But, yeah, as weird as it may sound, you don’t have to be racist (as in believing in racist ideas) to be a racist troll (propagate racist ideas). Publishing and agreeing with are different things, and they don’t always overlap (even if they frequently do). He who had not ever said or wrote some BS without believing a single iota of it but because they wanted to make some effect, throw the stone.

And not sure how sarcastic you were, but nothing I’ve said could possibly mean if something is offensive it’s what somehow makes it less racist.

jrflowers•7mo ago
> you don’t have to be racist (as in believing in racist ideas) to be a racist troll (propagate racist ideas)

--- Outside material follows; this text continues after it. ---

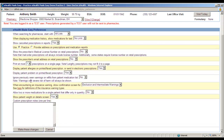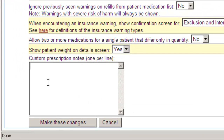At the very bottom of the page is the custom prescription notes field. To create new options in the directions to patient drop-down, you add a line for each selection. Type 'as needed for wheezing,' then press the Enter key on your keyboard. This inserts a hard return and indicates to the system that a new item in the drop-down needs to be created.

Exactly. Racism has nothing to do with what people say or do, it’s a sort of vibe, so really there is no way of telling if anything or anyone is Real Racist versus fake racist. It is important to point this out b

drdaeman•7mo ago
I’m a bit confused, is that possible you think racism is binary? I recognize you jest, but not sure I get the idea, and I sincerely hope you don’t do it pointlessly.

If you refuse to distinguish between someone who genuinely believes in concept of a race, or postulates an inherent supremacy of some particular set of biological and/or sociocultural traits, and someone who merely talks edgy shit they heard somewhere and haven’t given it much thought - then I’m not entirely sure how can I persuade you to see the distinction I do.

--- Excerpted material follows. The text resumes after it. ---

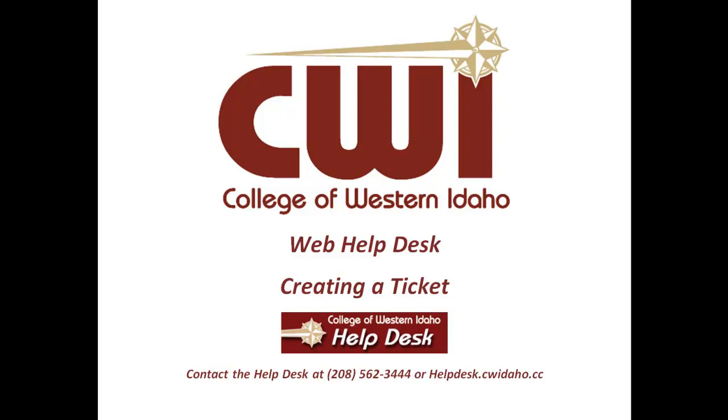Welcome to CWI's Web Help Desk training video. In this video, you'll learn how to create a ticket.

But I believe this difference exists and is important because different causes require different approaches. Online trolls, engagement farmers, and bonehead racists are (somewhat overlapping but generally) different kind of people. And any of those can post racist content.

jrflowers•7mo ago
I showed the videos to my friend and he keeps saying stuff like “Seems like it’s racists making and sharing the racist videos” and “So if a person posts a bunch of racist garbage and then post ‘I’m not racist in my heart’ then the second post is obviously true?”

I keep trying to explain that no, it’s not real racism because if you can imagine that it’s not real, it must not be real but then he says “Who made you the arbiter of racism?” and “What purpose on God’s Green Earth does it serve anyone, in any context, to chime in unprompted that you choose to sort racism into real and fake piles? Like what do you get out of that?”

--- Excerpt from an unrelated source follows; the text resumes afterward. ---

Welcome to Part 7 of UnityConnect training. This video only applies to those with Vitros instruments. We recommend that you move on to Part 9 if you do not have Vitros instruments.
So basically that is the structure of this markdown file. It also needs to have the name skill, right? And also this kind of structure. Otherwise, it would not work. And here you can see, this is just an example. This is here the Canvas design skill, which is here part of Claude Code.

Anyway I explained that it’s fake racism because it’s just somebody that wants attention and he said “racists can want attention too” and “seems like you’re just doing gymnastics to invent excuses for people online that you don’t even know why are you doing that” so I don’t know what to tell him. I don’t think we’ll see eye to eye on this because he incorrectly defines racism as a “real phenomenon” that “affects real people” and is “perpetuated by people’s actions”, whereas I know that what he’s describing is fake racism, because real racism is a little thing people feel in their hearts.

Seems like anybody could plainly see that fake racism is when people say or do real racist things in the world and real racism is intangible, not really strictly “real”, but the guy’s a kook so ¯_(ツ)_/¯

drdaeman•7mo ago
Uhh, I see that really made a very poor word choice when I wrote “‘real’ racism”. My bad, words are hard.

Given that you’ve chose “fake” as the antonym, I think I can see where we differ, and that I misused the term “‘real’”. In my mind I would’ve picked something like “less intentionally”. I’m not even sure if I can imagine what a fake racism could possibly be like: racism is an idea, and I don’t really get what fakeness for ideas means.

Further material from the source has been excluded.